¡Tango! is a 1933 Argentine musical romance film, the first film to be made in Argentina using optical sound technology (but not the first sound film.)
Many existing stars of the Argentine stage and radio appeared in the film, but its success was limited due to poor sound quality and weak acting. ¡Tango! established a formula that would be used by many subsequent tango films.

Synopsis 
¡Tango! follows a formula established by Carlos Gardel with films such as Luces de Buenos Aires (The Lights of Buenos Aires, 1931) in which a melodramatic story is interspersed with tango songs.
However, the film had less dialog and more music, making it more like a musical revue.
This format would be copied by many subsequent films.
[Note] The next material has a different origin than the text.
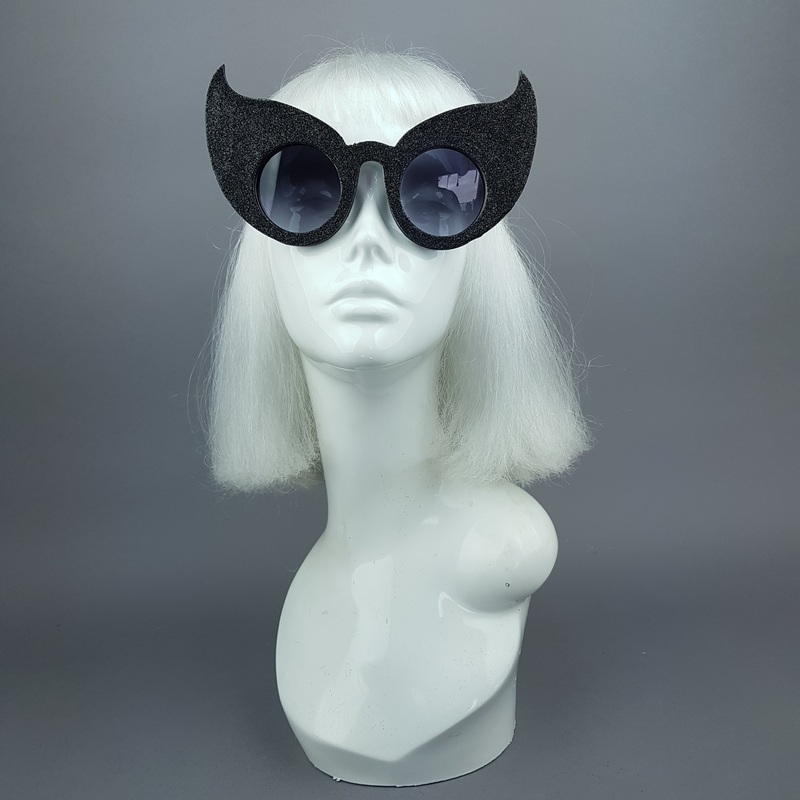 Hex Black Glitter Devil Horn Sunglasses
The plot is derived from tango songs.
Many of these songs tell of the seduction of an innocent slum girl by a rich man who promises her a glamorous life, but who abandons her when her looks fade.
The stylized and sentimental plot of ¡Tango!  revolves around a young man who is abandoned by his girlfriend for an older rich man and is heartbroken.
The film follows his misfortunes.
The final scene has the hero, dressed as a typical compadrito, singing Milonga del 900. The song, by Carlos Gardel, ends:

Cast 

 Libertad Lamarque as Elena
 Pepe Arias as Pepe el Bonito
 Tita Merello as Tita
 Alberto Gómez as Alberto
 Alicia Vignoli as Alicia
 Luis Sandrini as Berretín
 Meneca Tailhada as Mecha
 Juan Sarcione as Malandra
 Azucena Maizani as herself
 Mercedes Simone as herself
 Juan d'Arienzo
 Juan de Dios Filiberto
 Edgardo Donato
 Osvaldo Fresedo
 Pedro Maffia

Production 
The 80-minute black and white film was directed by Luis Moglia Barth, who co-wrote the script with Carlos de la Pua.
It was Argentina Sono Film's first production.
The film showed strong Hollywood influence in its cinematic techniques.
It was the first optical sound feature film to be produced in Argentina, at Argentina Sono Film's new optical sound studio.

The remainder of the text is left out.